PROVIDED RECORDS »
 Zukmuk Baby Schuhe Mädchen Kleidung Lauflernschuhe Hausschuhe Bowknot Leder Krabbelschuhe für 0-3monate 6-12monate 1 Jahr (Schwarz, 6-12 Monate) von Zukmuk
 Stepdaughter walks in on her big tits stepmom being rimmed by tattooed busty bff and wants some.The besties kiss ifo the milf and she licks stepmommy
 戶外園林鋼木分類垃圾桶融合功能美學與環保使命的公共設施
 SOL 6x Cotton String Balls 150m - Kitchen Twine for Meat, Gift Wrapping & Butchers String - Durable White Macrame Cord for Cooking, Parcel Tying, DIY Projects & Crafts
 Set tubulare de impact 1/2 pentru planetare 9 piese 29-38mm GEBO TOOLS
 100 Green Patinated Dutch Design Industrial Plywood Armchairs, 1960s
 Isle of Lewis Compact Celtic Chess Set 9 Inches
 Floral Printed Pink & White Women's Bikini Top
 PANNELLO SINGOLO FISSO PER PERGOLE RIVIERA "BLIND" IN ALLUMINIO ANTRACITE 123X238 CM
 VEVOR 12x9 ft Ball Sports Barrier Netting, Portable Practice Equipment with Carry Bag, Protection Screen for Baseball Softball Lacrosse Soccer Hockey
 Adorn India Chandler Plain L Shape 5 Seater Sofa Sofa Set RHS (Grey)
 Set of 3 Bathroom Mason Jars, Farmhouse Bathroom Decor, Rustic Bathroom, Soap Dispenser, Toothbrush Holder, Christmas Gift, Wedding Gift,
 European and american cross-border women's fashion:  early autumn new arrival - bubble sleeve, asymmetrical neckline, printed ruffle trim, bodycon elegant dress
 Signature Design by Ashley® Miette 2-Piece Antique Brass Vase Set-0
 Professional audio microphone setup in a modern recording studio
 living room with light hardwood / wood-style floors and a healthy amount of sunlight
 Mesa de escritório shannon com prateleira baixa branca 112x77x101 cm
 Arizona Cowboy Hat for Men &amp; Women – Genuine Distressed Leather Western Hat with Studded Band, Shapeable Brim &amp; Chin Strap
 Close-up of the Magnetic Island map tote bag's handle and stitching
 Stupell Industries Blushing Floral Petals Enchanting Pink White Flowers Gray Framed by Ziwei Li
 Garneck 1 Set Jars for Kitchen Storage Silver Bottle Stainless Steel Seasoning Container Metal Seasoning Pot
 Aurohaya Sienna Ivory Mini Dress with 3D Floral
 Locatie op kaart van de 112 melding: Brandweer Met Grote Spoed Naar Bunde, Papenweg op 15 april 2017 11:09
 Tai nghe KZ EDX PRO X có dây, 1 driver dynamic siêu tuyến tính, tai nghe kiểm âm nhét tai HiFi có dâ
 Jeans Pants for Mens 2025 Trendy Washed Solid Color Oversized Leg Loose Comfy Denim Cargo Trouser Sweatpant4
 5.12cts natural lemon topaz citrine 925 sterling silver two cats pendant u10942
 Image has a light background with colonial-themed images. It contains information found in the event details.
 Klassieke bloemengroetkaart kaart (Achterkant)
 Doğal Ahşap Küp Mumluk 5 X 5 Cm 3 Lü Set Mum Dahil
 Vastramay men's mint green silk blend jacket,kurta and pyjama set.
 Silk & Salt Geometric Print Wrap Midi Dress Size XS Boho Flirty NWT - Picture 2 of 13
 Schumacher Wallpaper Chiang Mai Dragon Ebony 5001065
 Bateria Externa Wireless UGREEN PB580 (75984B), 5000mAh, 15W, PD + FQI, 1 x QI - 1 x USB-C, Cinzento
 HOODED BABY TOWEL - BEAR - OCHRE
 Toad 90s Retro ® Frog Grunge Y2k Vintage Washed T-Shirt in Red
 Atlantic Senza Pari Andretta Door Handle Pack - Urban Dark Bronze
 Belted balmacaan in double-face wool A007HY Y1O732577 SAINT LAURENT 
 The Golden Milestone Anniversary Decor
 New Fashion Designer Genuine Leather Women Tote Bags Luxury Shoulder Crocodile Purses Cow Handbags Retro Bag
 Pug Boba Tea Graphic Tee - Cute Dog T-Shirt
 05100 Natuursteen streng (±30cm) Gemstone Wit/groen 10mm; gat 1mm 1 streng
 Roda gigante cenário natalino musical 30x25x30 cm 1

HOW TO COMPLETE THIS TASK » Would you please copy exactly the part of the entries above that begins at the line containing "Silk & Salt" and ends at the line containing "Bateria Externa Wireless", both lines included?

REPLY »
 Silk & Salt Geometric Print Wrap Midi Dress Size XS Boho Flirty NWT - Picture 2 of 13
 Schumacher Wallpaper Chiang Mai Dragon Ebony 5001065
 Bateria Externa Wireless UGREEN PB580 (75984B), 5000mAh, 15W, PD + FQI, 1 x QI - 1 x USB-C, Cinzento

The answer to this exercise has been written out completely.